In broad terms this defines the goal of the integration and lays the foundation for the further steps in developing the strategy that will allow the organisation to be fully integrated with a free data flow between their applications.
Execution starts with the development and building of the APIs and integrations. So, once the goals are known in accordance with the use cases, the user stories and the right endpoints, developers can code the APIs using common programming languages and tools that they use every day.
When it comes to the integration, developers and architects should pay special attention to authentication, discovery APIs, data mapping and transformation, and event management. This adds a level of complexity do the integration process.
A far better way, though, is using an iPaaS cloud integration platform to ensure availability and streamline the process, while eliminating the complexity of operating hardware and managing cloud infrastructure.
For example, Mulesoft’s CloudHub, as part of its AnyPoint API integration platform, gives organisations a global fully managed, multi-tenanted, secure, with an uptime of 99.99%.
These platforms to a large extent eliminate the complexity mentioned above because most take care of the authentication, data mapping and transformation, and event management for the organisation.

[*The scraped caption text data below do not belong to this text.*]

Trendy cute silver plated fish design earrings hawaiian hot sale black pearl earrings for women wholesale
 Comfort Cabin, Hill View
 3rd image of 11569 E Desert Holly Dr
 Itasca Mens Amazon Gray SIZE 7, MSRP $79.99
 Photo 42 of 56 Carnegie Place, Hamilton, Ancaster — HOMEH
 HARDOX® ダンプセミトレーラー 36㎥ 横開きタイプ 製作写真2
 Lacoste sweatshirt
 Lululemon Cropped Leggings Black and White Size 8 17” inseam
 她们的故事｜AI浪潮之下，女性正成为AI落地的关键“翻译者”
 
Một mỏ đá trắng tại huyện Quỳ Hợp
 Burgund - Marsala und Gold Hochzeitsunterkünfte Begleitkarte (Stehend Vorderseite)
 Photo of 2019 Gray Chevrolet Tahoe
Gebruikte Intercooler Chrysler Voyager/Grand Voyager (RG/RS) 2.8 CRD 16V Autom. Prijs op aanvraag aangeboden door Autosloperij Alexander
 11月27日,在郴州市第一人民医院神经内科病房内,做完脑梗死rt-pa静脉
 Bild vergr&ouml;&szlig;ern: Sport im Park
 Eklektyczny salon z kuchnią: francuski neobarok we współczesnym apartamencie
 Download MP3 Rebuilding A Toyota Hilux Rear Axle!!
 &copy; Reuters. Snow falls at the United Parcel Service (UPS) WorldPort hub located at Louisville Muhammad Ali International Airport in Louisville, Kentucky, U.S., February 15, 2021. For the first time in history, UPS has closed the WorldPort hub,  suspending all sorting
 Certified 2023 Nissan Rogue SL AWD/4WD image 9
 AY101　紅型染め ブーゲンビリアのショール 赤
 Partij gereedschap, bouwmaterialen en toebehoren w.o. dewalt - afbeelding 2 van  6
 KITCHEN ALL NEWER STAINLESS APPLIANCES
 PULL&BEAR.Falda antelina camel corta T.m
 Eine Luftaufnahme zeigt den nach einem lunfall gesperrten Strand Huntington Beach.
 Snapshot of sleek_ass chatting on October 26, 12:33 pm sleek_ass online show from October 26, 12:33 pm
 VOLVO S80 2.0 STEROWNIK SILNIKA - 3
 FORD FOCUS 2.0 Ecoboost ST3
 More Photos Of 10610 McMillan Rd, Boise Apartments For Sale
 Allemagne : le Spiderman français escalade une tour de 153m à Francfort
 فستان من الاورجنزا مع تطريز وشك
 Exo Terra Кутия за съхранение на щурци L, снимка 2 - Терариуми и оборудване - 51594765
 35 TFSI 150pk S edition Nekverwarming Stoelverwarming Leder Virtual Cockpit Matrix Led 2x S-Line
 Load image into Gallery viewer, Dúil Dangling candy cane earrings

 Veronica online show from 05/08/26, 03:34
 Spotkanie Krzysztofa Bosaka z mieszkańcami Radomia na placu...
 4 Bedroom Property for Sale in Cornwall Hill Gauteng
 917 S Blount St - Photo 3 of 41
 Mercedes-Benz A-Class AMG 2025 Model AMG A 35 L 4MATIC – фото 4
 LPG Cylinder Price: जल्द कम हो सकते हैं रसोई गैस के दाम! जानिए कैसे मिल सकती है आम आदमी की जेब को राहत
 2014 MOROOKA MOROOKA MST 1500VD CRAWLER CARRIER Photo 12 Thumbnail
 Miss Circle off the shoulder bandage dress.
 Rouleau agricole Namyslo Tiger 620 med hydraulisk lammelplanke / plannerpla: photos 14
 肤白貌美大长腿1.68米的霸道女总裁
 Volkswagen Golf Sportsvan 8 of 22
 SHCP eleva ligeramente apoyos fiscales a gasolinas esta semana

In today’s highly digitalised and distributed environments, the ability to seamlessly share information and collaborate is key. One of the quickest and most efficient ways of doing this is through the unlocking of APIs broad-scope abilities.
The unlocking of information and capabilities trapped in legacy systems allows organisations to become software driven while employees become digitally independent, have access to data and can self-serve and collaborate to go further, faster.
With cloud APIs organisations can also securely expose data to external companies broadening their insights and capabilities by leveraging a wider ecosystem of partners, SaaS providers etc.
Monitoring and Managing
For organisations to sustain their digital ecosystem after integration, they need to manage APIs. Although this can be done manually, the best approach to managing them is once again by using an iPaaS with API management features built into the platform.
Organisations should also consider implementing maintenance and monitoring standards to ensure that the integration works as its intended and keeps working in this way. This is simply because an integration that breaks or stops functioning can have detrimental effect on the business.
A simple way to prevent this is by monitoring the integrations for issues and, when they happen, fixing them before they get out of control. And here the right iPaaS can help too. API monitoring is one of its key features, and, apart from spotting issues before they become bigger problems, they also allow organisations to track usage trends which can inform new API initiatives and API roadmaps for future integrations.
APIs have the ability to totally revolutionise a business. For organisations that have implemented an API-led integration strategy, most have seen improvements across many crucial elements of their businesses. Some of the most important changes that organisations see are increased productivity, increased innovation, and a direct increase in revenue.
When it comes to API-led integrations, though, organisations should keep sight of their strategic long-term plans, and as they move away from building APIs as needed to a well-developed and planned strategy, they should keep scalability, reusability, maintenance and future proofing in mind.
An iPaaS platform appears to be the solution. It serves as an all-in-one API platform that allows organisations to manage the whole API integration lifecycle, from planning and design through to implementing, testing, publishing, operating, and maintaining their APIs with greater success.
In this way organisations can embrace digital transformation and the opportunities, efficiency, and increase in revenue it promises.